Vendor Offenders was doomed. Like Calcutta before outsourcing NYC had become the wild west of legal loopholes. Law abiding citizens need not apply.


Susan said what we were all thinking.. "What good is all this culture and excitement if you can't cross your own street...!???"  

This last part she directed at an approaching pedicab driver who assumed she wanted a ride. His "associate" accused him of stealing his fare.  A shouting match ensued.

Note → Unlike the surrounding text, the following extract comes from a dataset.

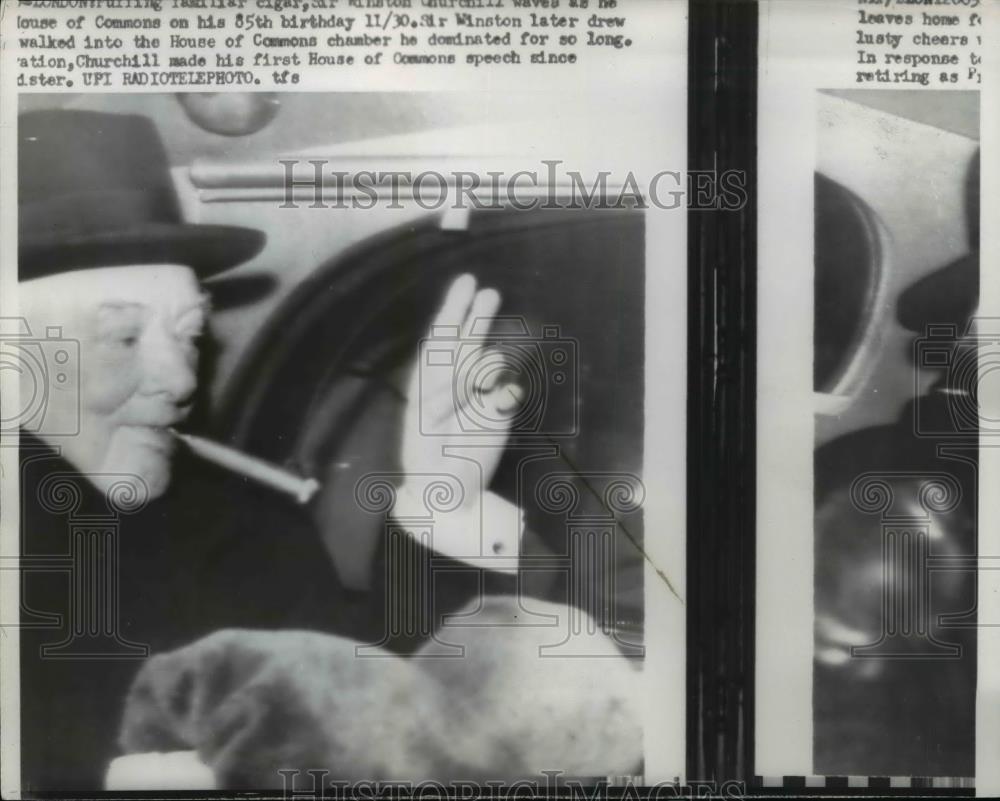 1959 Press Photo Sir Winston Churchilll on his way to House of Commons - Historic Images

We skedaddled. 



What we missed but heard was a nasty brawl which caused a third pedicab to crash into a Sabrett cart which catapulted an overflowing trash can into an oncoming taxi which startled a carriage horse causing a linen truck to careen into a sightseeing bus seconds before the number 7 bus turned south onto Seventh Avenue (deep breath).



All in all a record pile-up:  8 vehicles, 7 pedicabs, 3 vendors, 3 taxis, a horseless carriage and a traffic post smashed.


Miraculously no one was seriously hurt, but it did make a splash - My corner made headlines from New York to Borneo.  CNN ran "Mayhem in Midtown" 24/7 which day 4 - got the Mayor's attention. 



What the situation called for was a quick fix - face saving, crowd pleasing and most of all photogenic. Which is why 48 hours later - Susan, Cheryl and I found ourselves alongside the Mayor for the unveiling of Central Park's first "City Bikes" Station..




A 21st Century solution to traffic, pollution, obesity and as far as we were concerned... rogue vendors..

The street is clean, quiet, kid friendly and enjoyable.. Which lead New York Magazine to describe it as "civility in midtown"  


And the New York Times reported eye popping sales.. (our first one per center)...


And best of all - I made two new best friends.. 


Life is good...You betcha!


THE END

Disclaimer: Some facts have been changed so remember .. It's just "wishful thinking"!